The Art Institute of Chicago

Chicago, United States

Credit Line

Charles H. and Mary F. S. Worcester Collection

Background & Context

Background Story

During the winter of 1885, Monet returned to Étretat, the Normandy fishing village whose chalk cliffs and shingle beaches had already drawn Courbet and countless marine painters. "Boats on the Beach at Étretat" shows beached fishing vessels resting on the dark pebbles beneath the towering limestone arches, rendered with the rapid, confident brushwork of his mature Impressionist method.
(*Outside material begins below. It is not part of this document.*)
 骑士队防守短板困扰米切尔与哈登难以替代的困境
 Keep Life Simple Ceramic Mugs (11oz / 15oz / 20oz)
The composition is anchored by the stark geometry of the boats' hulls against the sweeping curve of the beach, while the cliff face looms as a pale wall dissolving into mist. Monet was not merely recording a picturesque coastal scene; he was conducting a sustained investigation into how light affects large geological forms and human objects simultaneously. This canvas belongs to a significant group of approximately fifty works produced during three separate stays at Étretat between 1883 and 1886, constituting one of his first true series. The artist wrote to Alice Hoschedé about his struggles with the shifting weather, noting that he frequently had to scrape down canvases when the light changed abruptly. The painting thus embodies both the practical difficulties and the philosophical ambition of Impressionist seriality: capturing the ephemeral in paint while acknowledging the impossibility of fixing a single moment.

Cultural Impact

This work belongs to Monet's first true series at Étretat, establishing the serial method that would define his career and modern art's relationship to time and perception.

Why It Matters

It matters as a key experiment in Impressionist seriality—Monet learning to paint not a place, but the act of seeing a place change.